Only its purpose is a little more intrusive: the device is embedded with infrared sensors, a microphone and a wireless communication device to record and transmit to management an employee's every movement.
Hitachi's product tracks everything from how often a worker walks around the office to who they speak to along the way – and for how long. It can even determine whether an employee contributes to meetings, by monitoring if they just sit there silently or display the body language of an animated participant to a meeting, such as by nodding and talking.
Daunt has reservations about how such monitoring would affect employees' productivity, and whether it would be legal to fire someone if the data showed they weren't up to scratch.

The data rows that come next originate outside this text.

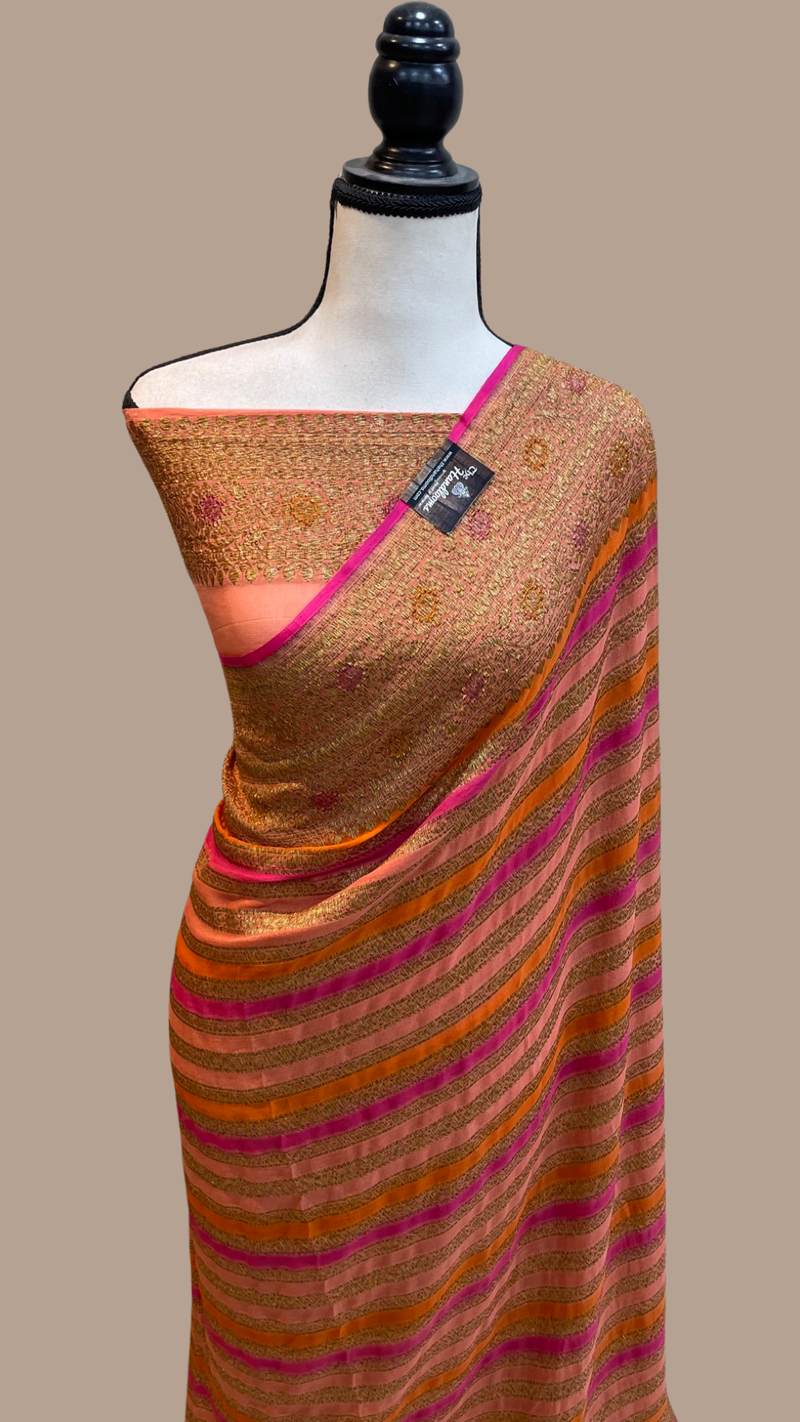 Pure Khaddi Georgette Banarasi Saree -  Antique zari - The Handlooms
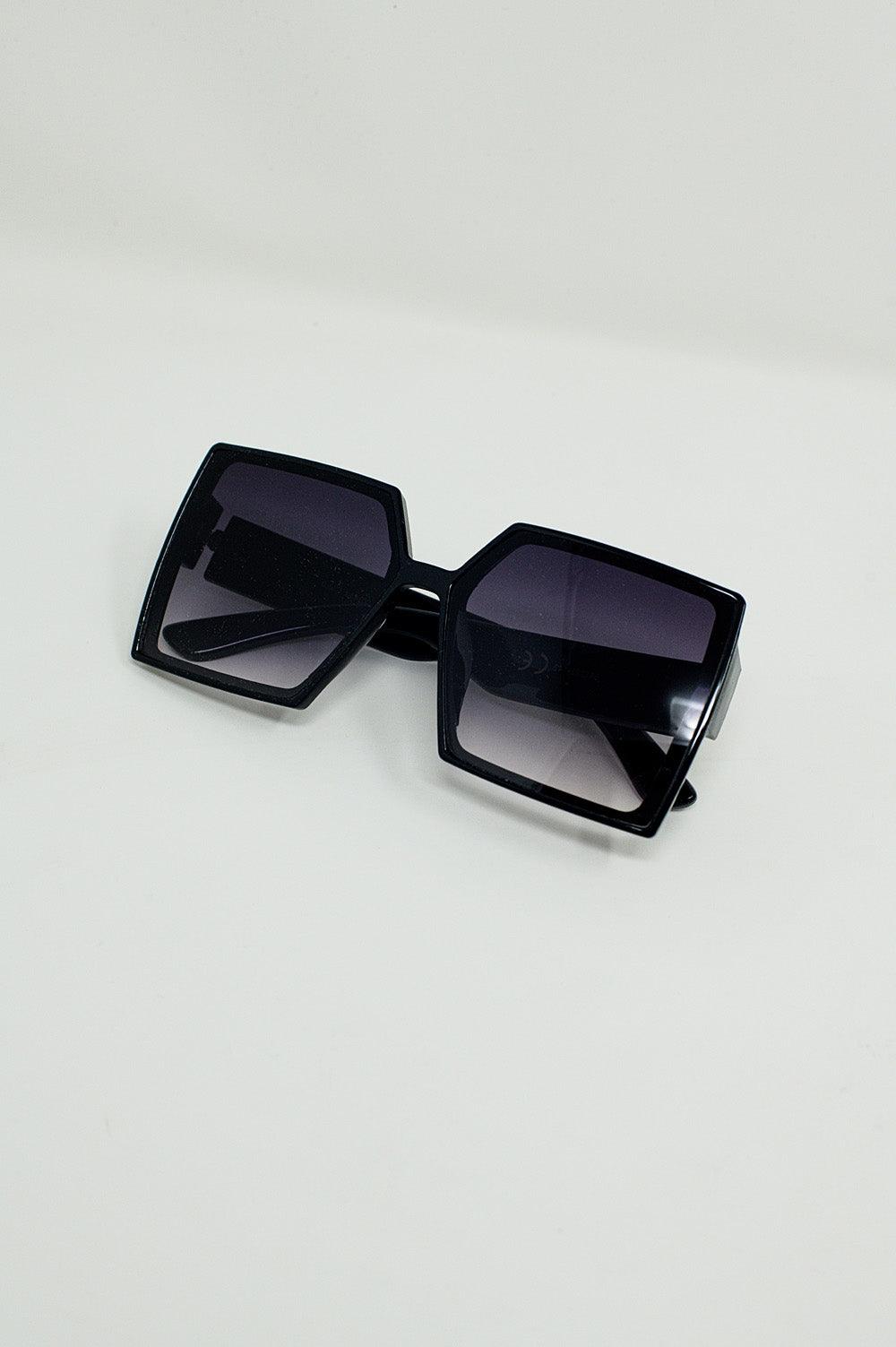 Women's Modern Oversized Pointed Square Sunglasses with Black Arms - Lovez Aqua© - 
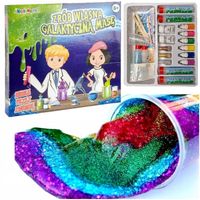 SLIME Gluty DUŻY ZESTAW MASA GALAKTYCZNA ŚWIECĄCA DO ROBIENIA GLUTÓW JUMBO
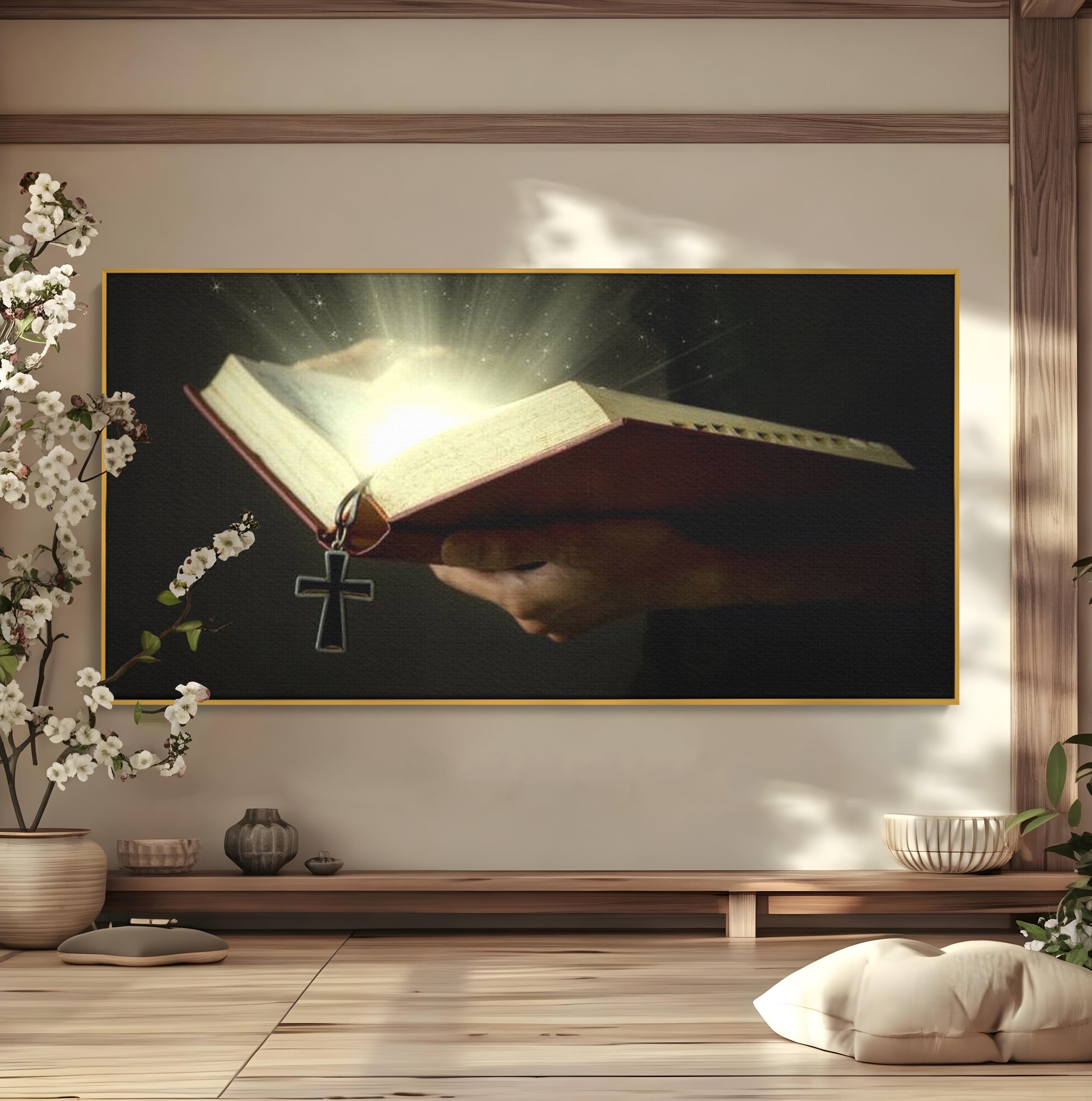 Tablou canvas cu tablou canvas cu biblie deschisa si cruce, in rama de aluminiu auriu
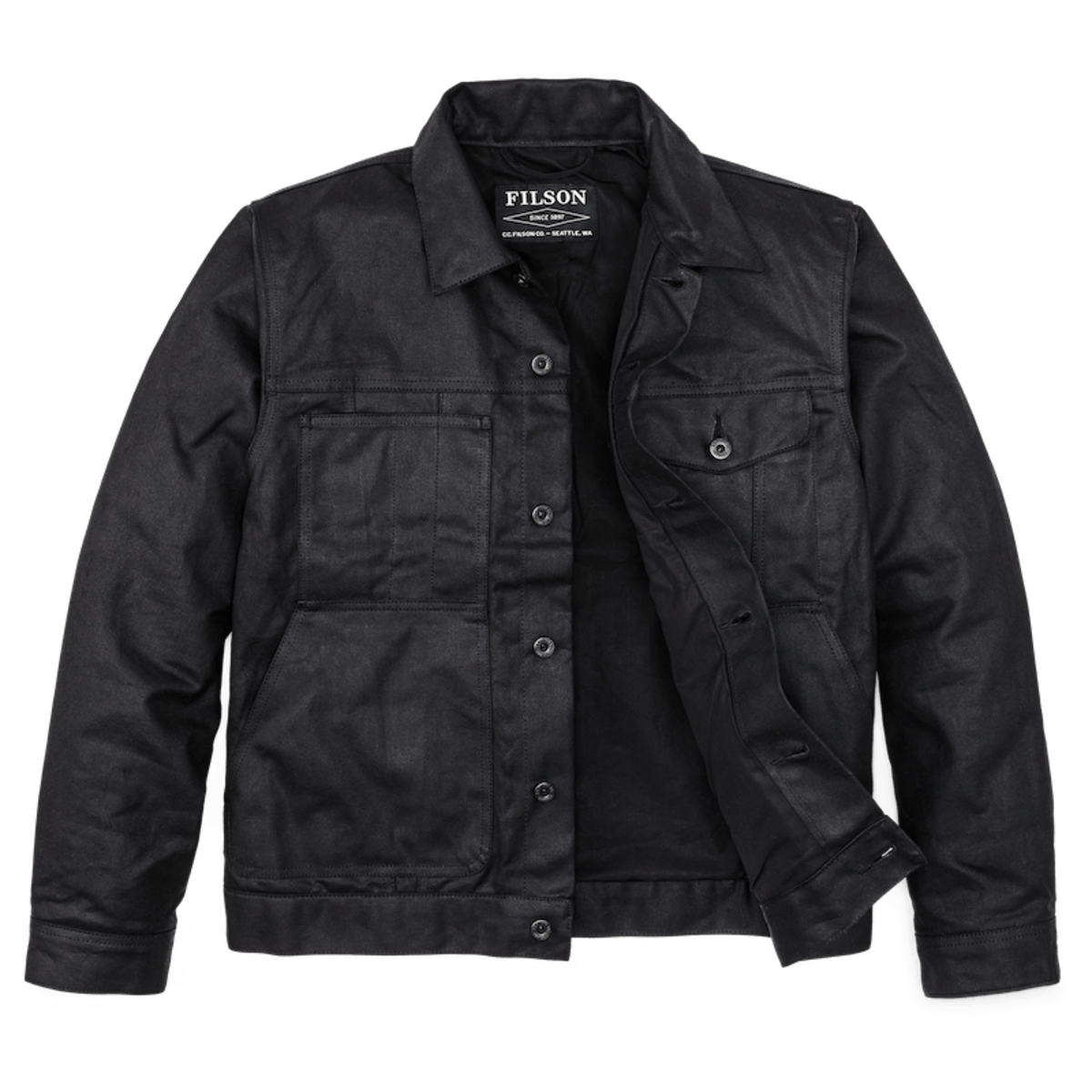 Filson Tin Cloth Short Lined Cruiser Jacket Black Garmentory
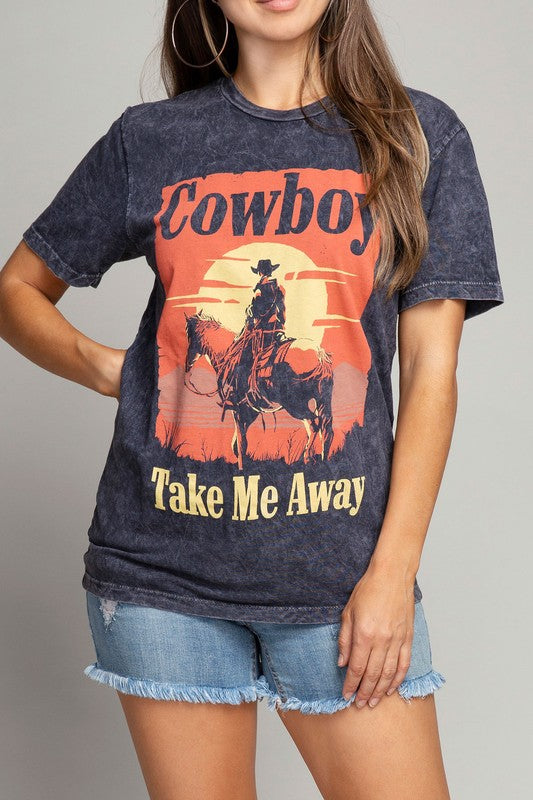 Cowboy Take Me Away Graphic Top Tee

"Data has its place, but you have to bear in mind that individuals have personalities and relationships, and I'm not sure data can account for that."
Social media may yet make CVs redundant
Time was, if you wanted to work for a particular company, you waited until it advertised a vacancy, applied for the role by submitting a CV and covering letter, and hoped for the best.
This is unlikely to hold true for much longer.
Smart companies are not sitting around and waiting for the right candidates to apply, especially when they are competing with other employers for valued skills, such as software developers.
Organisations have been using social networking sites for years to research job applicants, but are now sourcing potential candidates directly through these networks.
Consider the job listings placed by employers and recruitment agencies on Twitter using the #jobfairy hashtag.
Daunt says: "There is an increased focus by recruiters to find jobseekers by using the likes of LinkedIn. This puts a great onus on the jobseeker to think about their social media profile and to make sure they are blogging."
Indeed, 44pc of bosses check these social media platforms before recruiting staff, a survey of small and medium-sized enterprises commissioned by Bord Gais showed in May.
And employers continue to check the social media activity of staff long after they have been recruited – more than one-fifth had to fire employees or give them a warning over what they posted on sites such as Facebook and Twitter, the same survey found.
New businesses are cropping up to help employers glean insights about potential recruits from all this information, using tools that combine data from social media sites and other sources, such as internet forums and crowd-sourcing projects, to create profiles of the people these companies may want to hire.
While the focus of such "people analytics" is currently on using big data to find workers in fields where there is a skills' shortage, experts predict that this method will eventually be applied to sourcing potential job candidates in other areas.